=== Begin Enclosure ===

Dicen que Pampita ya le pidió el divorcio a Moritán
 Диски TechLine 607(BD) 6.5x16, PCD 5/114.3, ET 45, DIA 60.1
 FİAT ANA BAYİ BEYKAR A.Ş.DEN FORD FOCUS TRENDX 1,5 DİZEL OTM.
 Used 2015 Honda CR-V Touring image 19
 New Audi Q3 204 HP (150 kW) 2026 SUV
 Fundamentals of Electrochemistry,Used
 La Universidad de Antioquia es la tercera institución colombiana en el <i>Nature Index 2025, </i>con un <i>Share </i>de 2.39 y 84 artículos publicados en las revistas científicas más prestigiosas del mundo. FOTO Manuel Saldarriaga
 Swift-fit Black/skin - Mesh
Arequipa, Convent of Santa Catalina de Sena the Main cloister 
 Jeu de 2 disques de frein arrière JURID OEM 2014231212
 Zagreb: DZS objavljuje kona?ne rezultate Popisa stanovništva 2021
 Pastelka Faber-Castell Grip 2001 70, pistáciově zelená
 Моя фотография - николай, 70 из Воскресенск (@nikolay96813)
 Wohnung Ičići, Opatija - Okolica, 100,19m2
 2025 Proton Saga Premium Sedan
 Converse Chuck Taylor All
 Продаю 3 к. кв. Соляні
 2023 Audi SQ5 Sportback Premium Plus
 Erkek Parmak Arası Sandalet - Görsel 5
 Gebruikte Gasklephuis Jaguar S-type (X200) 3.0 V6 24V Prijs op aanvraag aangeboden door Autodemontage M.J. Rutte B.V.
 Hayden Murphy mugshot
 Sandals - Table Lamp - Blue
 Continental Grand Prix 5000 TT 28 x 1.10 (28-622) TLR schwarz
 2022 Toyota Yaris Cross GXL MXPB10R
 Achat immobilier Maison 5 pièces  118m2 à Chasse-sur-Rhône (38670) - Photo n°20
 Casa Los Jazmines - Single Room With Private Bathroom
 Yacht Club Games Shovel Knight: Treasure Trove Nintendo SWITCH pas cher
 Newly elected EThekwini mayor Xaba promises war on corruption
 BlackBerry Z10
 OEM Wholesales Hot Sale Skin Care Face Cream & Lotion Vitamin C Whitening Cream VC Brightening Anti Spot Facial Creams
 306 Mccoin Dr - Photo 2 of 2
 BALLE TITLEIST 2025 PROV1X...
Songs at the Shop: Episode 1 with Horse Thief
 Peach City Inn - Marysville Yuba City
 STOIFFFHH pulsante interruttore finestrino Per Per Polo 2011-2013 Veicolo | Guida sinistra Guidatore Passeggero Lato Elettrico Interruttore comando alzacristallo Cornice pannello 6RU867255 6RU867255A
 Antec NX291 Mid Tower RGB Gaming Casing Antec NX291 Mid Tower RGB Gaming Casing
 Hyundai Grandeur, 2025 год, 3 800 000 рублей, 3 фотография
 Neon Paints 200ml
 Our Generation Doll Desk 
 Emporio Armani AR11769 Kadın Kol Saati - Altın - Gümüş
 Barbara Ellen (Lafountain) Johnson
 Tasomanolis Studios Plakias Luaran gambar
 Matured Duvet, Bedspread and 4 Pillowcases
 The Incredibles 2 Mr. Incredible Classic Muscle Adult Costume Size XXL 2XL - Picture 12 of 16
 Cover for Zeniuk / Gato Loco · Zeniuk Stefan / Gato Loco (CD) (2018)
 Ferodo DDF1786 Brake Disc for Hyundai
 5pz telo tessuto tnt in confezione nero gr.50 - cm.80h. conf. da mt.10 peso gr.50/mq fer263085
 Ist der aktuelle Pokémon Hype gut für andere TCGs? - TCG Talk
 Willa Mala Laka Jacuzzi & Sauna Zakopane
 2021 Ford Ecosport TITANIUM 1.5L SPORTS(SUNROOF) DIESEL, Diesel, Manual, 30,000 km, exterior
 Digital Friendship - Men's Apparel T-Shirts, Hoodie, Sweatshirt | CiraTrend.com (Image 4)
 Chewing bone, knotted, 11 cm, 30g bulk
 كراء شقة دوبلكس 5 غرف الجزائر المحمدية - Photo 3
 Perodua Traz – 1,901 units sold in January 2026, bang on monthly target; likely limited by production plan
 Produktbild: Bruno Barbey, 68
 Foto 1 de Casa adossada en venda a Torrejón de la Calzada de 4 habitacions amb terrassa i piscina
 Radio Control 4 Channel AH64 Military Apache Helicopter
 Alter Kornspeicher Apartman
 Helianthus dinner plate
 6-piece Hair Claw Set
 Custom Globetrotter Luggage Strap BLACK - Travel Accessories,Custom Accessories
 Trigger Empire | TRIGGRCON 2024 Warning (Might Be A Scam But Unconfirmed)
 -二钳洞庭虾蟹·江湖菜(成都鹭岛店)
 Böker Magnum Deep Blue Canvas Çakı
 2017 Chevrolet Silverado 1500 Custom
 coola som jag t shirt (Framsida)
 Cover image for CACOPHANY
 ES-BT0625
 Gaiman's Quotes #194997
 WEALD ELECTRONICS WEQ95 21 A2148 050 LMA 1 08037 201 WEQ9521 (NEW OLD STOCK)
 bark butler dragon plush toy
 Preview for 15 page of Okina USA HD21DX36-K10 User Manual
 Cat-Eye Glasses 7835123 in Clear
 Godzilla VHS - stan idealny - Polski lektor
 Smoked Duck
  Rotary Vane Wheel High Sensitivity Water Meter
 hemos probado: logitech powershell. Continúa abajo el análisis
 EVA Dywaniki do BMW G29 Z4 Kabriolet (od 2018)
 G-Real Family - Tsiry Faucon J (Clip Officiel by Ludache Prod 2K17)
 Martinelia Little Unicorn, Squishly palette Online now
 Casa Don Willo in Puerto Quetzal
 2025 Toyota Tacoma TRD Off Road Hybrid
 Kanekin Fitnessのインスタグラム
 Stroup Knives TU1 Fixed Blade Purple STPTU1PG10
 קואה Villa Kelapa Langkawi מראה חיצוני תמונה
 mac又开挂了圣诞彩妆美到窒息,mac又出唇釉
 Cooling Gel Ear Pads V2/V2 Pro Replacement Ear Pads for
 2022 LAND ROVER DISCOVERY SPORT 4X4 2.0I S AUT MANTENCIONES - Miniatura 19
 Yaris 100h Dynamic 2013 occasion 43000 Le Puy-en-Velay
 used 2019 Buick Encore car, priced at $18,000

=== End Enclosure ===

§ Exercise brief
Answer with a single number: the count of lines above that contain the string "Manual".

§ Response to the task
2